───── EXERCISE MATERIAL

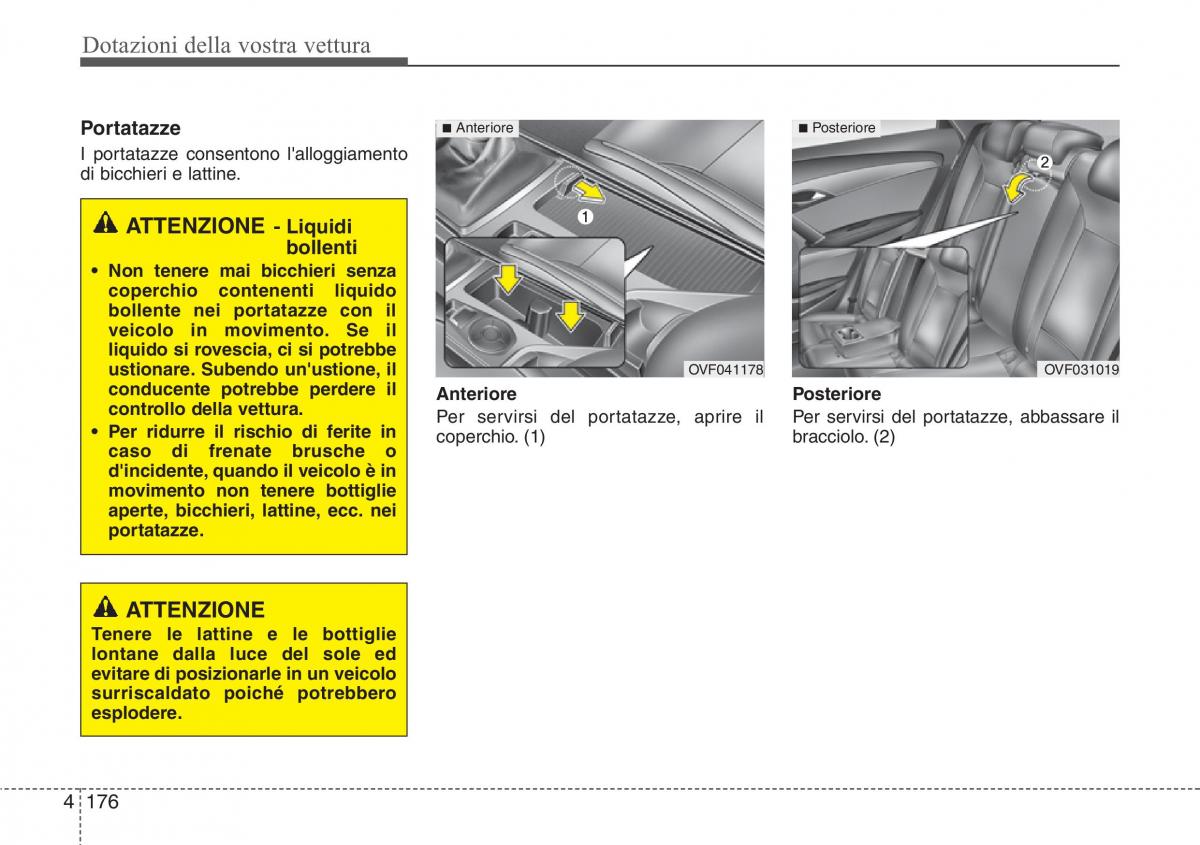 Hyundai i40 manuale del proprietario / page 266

──────────
───── EXERCISE MATERIAL

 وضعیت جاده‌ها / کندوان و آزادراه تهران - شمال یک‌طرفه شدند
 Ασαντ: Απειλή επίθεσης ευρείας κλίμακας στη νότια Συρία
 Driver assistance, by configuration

──────────

Word for word, restate the lines of the listing above starting at the line with "وضعیت جاده‌ها /" and ending at the line with "Driver assistance, by configuration", and nothing outside them.

 وضعیت جاده‌ها / کندوان و آزادراه تهران - شمال یک‌طرفه شدند
 Ασαντ: Απειλή επίθεσης ευρείας κλίμακας στη νότια Συρία
 Driver assistance, by configuration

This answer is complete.